Le 5 août 2016, dans les Bouches-du-Rhône, une association souhaite louer le parc aquatique « Speedwater Park » pour une journée en septembre, afin que la baignade en burkini y soit autorisée. L’initiative provoque un scandale et la journée est annulée.
Le 20 août dernier 2020, sur une plage de Sainte-Marie-la-Mer dans les Pyrénées-Orientales, deux gendarmes demandent à un groupe de femmes qui bronzent seins nus de bien vouloir couvrir leur poitrine. Assimilé à un remake moderne du « Gendarme de Saint-Tropez », cet acte contribue à remettre sur le devant de la scène le débat autour du topless.
Le port du burkini et le topless, deux pratiques qui semblent relativement opposées et qui pourtant, suscitent un même débat.

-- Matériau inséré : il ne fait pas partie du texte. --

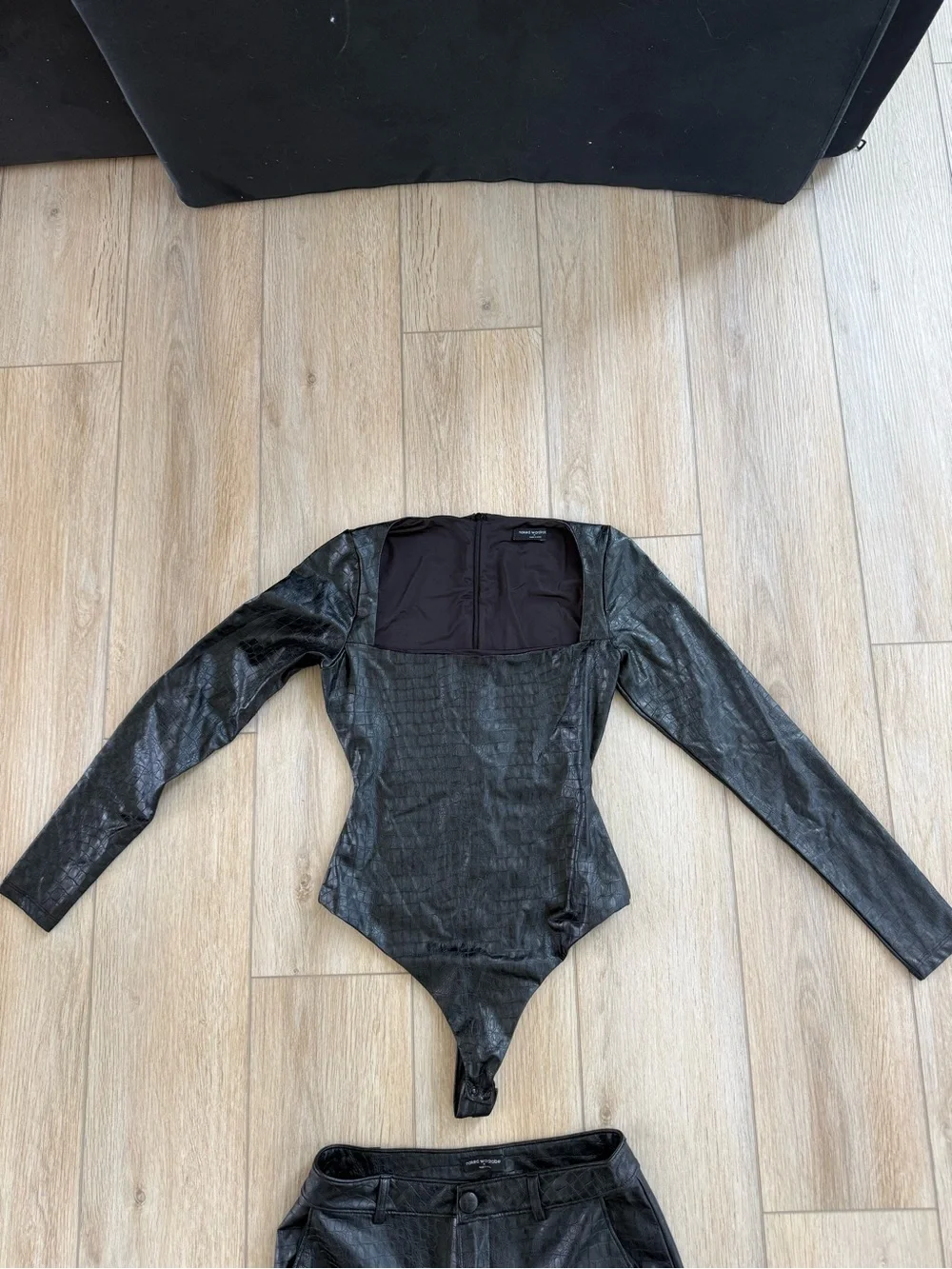 naked wardrobe sleek black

Un débat centré autour de la liberté vestimentaire et du droit des femmes de disposer de leur corps comme bon leur semble.
Alors faire du topless et porter un burkini, même combat ? Si l’on s’en tenait à la vision du poète Boiste, les choses seraient très simples : « Les lois doivent être appliquées, non interprétées ». Au niveau légal, aucune règle ou loi n’interdit aucune des deux pratiques. L’article 222-32 du Code Pénal relatif au délit d’exhibition sexuelle, ne concerne plus depuis longtemps le simple fait de bronzer seins nus sur une plage.
D’autre part, aucune législation n’a jamais été mise en place en droit français concernant le port du burkini, celui-ci ne couvrant pas le visage de la personne qui le porte et n’entrant donc pas dans le champ de la loi de 2011 qui prohibe le port du voile intégral.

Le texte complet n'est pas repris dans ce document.